Tobias went through a lot of effort to set up some pretty extensive platforms to collect customer data and insight. He noted that, "Once we had them, the team was kind of, 'Now what?' It was very apparent that we didn't necessarily have the skillset and certainly not the experience to understand how to analyze the data. We have since hired and trained in a very specific fashion."

4. More is not better; pick the targets that matter. If the target is to drive leads, it is not the total number of leads that matters but the number that are real business opportunities. If the goal is to understand which touch points are resonating with customers or who is dissatisfied, we can become more sophisticated by correlating this information with data about which customers have renewed and which have not. That calculation can identify for us the most important points of contact and the most damaging factors relating to discontent.

5. Know your audience so that you can best present the data. Data visualization is critical, but it should be presented in the format that your audience prefers and understands.
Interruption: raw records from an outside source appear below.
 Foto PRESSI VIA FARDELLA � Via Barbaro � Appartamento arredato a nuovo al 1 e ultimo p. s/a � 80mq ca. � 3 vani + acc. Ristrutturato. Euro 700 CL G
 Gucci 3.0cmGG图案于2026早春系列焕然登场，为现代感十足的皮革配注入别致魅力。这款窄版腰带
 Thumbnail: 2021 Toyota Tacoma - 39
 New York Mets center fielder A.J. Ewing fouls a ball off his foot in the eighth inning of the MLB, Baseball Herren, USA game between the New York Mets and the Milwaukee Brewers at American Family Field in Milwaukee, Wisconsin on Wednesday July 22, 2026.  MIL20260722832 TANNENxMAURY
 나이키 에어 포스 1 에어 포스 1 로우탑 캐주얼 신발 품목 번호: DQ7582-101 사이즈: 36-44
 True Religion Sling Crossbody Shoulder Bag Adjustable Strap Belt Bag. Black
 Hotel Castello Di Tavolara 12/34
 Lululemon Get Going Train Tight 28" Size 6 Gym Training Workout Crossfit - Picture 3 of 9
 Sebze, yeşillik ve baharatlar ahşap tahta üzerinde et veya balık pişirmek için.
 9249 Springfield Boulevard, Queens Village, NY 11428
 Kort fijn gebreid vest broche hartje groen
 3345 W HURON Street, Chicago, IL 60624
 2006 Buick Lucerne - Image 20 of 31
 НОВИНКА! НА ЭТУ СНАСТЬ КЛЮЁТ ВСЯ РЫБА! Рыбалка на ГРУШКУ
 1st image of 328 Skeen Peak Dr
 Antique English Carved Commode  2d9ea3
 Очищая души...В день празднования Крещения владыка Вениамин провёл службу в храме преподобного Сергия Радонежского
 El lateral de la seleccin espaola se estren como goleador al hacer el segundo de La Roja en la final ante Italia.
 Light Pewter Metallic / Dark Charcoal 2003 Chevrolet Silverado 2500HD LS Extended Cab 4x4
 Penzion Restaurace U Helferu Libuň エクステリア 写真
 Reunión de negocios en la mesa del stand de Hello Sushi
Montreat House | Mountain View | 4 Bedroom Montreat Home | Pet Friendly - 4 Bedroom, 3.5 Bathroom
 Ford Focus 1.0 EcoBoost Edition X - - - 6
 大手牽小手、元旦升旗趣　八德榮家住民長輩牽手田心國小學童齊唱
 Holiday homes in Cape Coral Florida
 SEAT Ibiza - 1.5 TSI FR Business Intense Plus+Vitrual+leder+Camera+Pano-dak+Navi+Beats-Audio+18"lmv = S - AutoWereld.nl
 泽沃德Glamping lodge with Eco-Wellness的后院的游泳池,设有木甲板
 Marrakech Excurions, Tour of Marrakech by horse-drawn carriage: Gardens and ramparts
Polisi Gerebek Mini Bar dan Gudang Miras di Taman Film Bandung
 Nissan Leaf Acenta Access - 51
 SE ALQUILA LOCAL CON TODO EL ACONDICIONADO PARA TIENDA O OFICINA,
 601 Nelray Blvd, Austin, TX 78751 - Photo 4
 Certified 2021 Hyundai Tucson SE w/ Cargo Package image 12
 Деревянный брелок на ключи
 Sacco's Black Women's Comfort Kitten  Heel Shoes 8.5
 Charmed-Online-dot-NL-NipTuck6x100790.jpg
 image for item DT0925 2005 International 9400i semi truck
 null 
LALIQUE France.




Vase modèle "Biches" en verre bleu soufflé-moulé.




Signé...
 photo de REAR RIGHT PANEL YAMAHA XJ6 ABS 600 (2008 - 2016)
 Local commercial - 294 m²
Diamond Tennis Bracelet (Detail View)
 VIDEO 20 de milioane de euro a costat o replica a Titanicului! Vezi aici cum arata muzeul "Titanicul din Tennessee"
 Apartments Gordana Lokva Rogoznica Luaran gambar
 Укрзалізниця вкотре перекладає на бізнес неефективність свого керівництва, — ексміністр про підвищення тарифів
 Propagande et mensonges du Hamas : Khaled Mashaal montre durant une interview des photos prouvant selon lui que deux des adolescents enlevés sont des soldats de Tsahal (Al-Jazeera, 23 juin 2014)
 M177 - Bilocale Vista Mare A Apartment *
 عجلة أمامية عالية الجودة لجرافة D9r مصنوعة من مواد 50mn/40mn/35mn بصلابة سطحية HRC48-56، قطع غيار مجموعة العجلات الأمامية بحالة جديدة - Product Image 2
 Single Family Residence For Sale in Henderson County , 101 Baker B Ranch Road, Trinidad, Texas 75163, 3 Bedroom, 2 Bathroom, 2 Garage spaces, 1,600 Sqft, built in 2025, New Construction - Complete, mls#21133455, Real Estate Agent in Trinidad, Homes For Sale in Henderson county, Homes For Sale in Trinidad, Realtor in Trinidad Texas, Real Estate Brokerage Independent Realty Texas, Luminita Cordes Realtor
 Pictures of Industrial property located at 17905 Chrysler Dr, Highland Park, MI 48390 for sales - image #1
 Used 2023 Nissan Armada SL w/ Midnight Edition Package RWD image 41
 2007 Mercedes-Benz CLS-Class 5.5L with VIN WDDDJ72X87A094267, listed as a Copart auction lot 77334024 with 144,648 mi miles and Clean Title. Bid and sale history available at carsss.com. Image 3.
The executive team of a financially-driven company may need to see spreadsheets, not pictures, whereas other teams may appreciate visuals that simplify the bottom line impact of business trends.

Often marketing teams spend so much time on the external side that they often forget or minimize the needs for internal marketing. In large organizations like Thomson Reuters, this is critically important. It is easy to be complicated and to sound like an expert, but the goal is to open a dialogue and present information in ways people can understand and connect with. Thomson Reuters has retooled many of their communication vehicles in pursuit of dialogue vs. monologue.

As a CMO, you should provide the vision for how marketing can drive the business forward, aggregating data across the entire organization on an integrated path toward business results. In 50 Powerful Mega Trend Statistics For CIOs And CMOs, I reported that 68% of companies do not have a stated business intelligence/analytics strategy. Technology can help segment, prioritize and streamline this process, to enable better decision-making, but it all starts with a clear vision and a plan.

This post was co-authored with Tobias Lee, Chief Marketing Officer of the Tax & Accounting division of Thomson Reuters.